Electron Shells and Crossing the Nucleus

Conventional Ψ functions in polar coordinates for electrons in P shells and above show 0 values for Ψ at the origin and in planes running thought the origin. That obviously is incompatible with an electron seen as a continuous six-strand loop. Comments of the form “the electron can't visit the nucleus” for higher level shells are frequently heard and seen. The author makes the following suggestions:

The coiled loop crosses over somewhere between the lobes, so the Ψ does not really go to zero at a spatial boundary but at a moving, cannot be located exactly, theoretical boundary. Quantum mechanics is not very concerned about phase anyway, so why not just accept that there is a fuzzy imaginary boundary that is not present in real space. The formulae usually assume the nucleus is a point source to make the polar coordinate development easy. The nucleus certainly is not a point. The author also points out that, in the mnp Model, electro-static fields cannot even be created by points!

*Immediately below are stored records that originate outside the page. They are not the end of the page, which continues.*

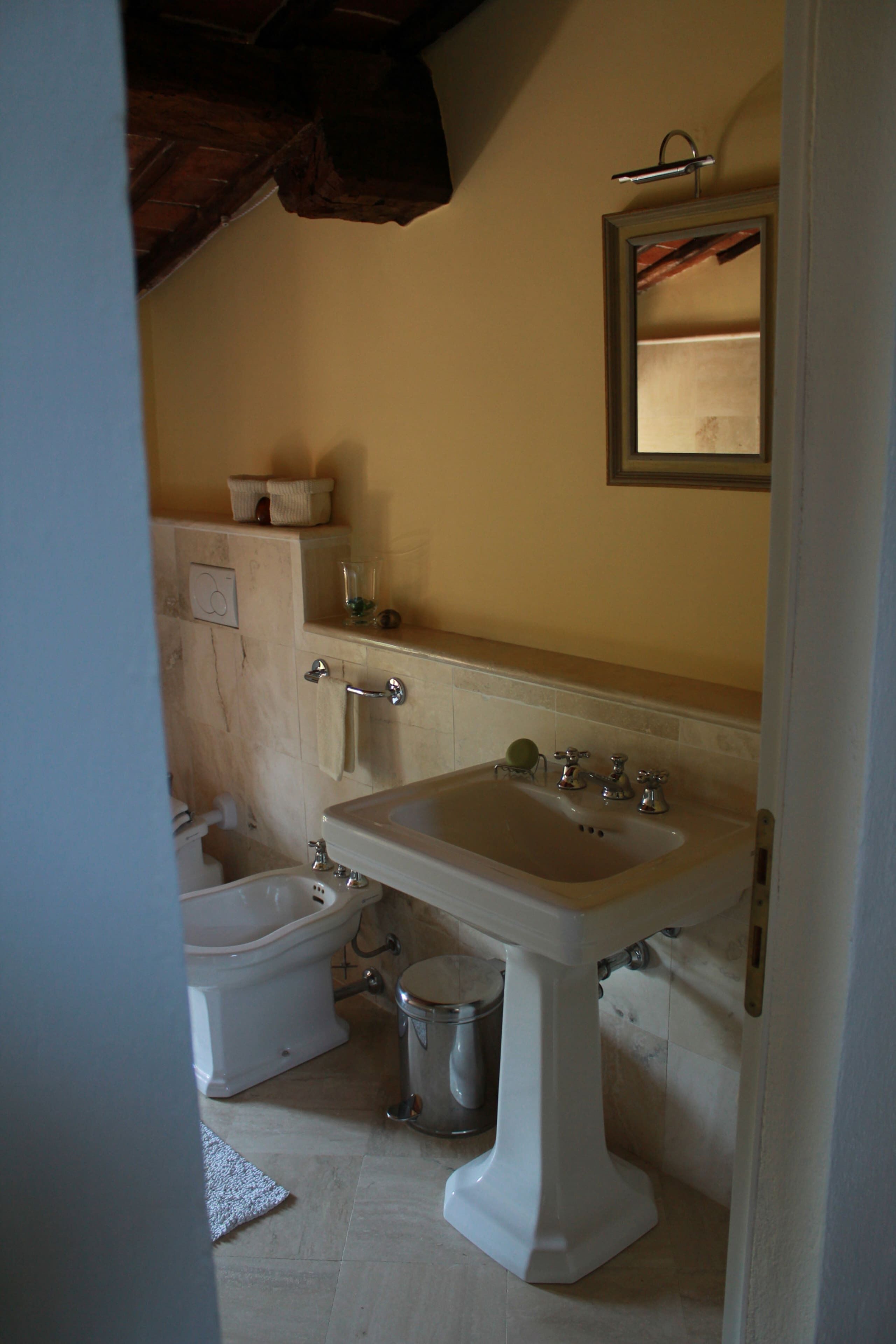 A bathroom with a pedestal sink, a toilet, and a bidet.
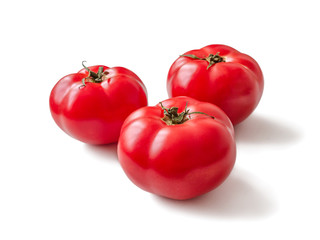Ripe red tomatoes with green cuttings on a white background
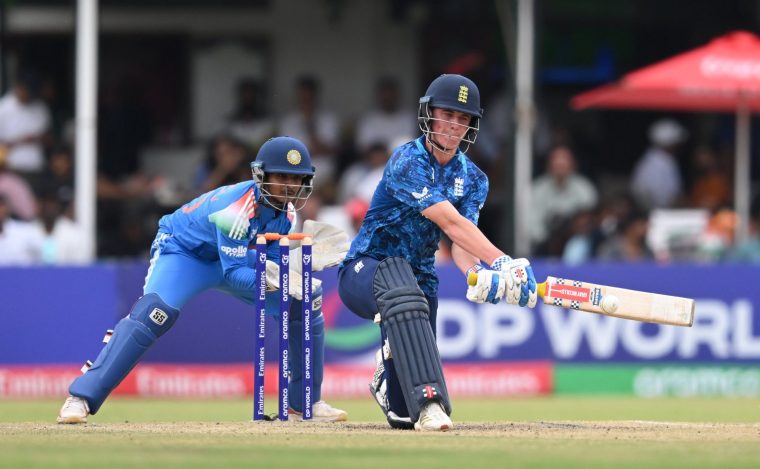HARARE, ZIMBABWE - FEBRUARY 06: Ben Mayes of England plays a shot as Abhigyan Kundu of India keeps during the ICC U19 Men's Cricket World Cup 2026 Final between England and India at Harare Sports Club on February 06, 2026 in Harare, Zimbabwe. (Photo by Johan Rynners-ICC/ICC via Getty Images)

Ψ functions for paired particles might separate, but not those of single particles. The author suggests that electrons in P shells and above may cross the nucleus, but that S shell electrons are very unlikely to have entirely crossed the nucleus and be all on one side. Some fields and forces may lead to an S shell electron being briefly on one side of a nucleus, but the author would expect that to usually lead to the electron becoming free. If a matching S shell electron of matching spin is present, one of the two may turn inside out by going through the nucleus from two sides to have opposite spin.

Problems With the mnp Electron and Quark Model

The mnp Model of the electron and other elementary particles is not without difficulties. Spin is not entirely settled. The explanations for the cause of spin and for the equal spin of all leptons does not yet satisfy the author.

If mere relaxation of a single (unbalanced coil or twist) allows Spin to be measured, why does further relaxation of coil pairs for electron shells not add to spin. Is it the unbalanced twisting rather than the extra coil? Or is it the twist itself, unbalanced by any opposing twists, that leads to spin.

Quarks

Why does the spin of quarks seem to match that of electrons? Quarks are more massive, and their charges differ.

For the more massive leptons, one suggestion for the equivalence of the basic spin for all leptons is that it is a function ONLY of the charge structure material, that the additional glue filaments which are easily reoriented in axis perpendicular to travel do NOT enter into angular momentum. If quarks, with mixed charge structure material, have the same inherent spin as electrons and positrons with single charge material, then mixtures of Axis in the strand-coil structure do not affect spin and only Travel Alignment affects spin.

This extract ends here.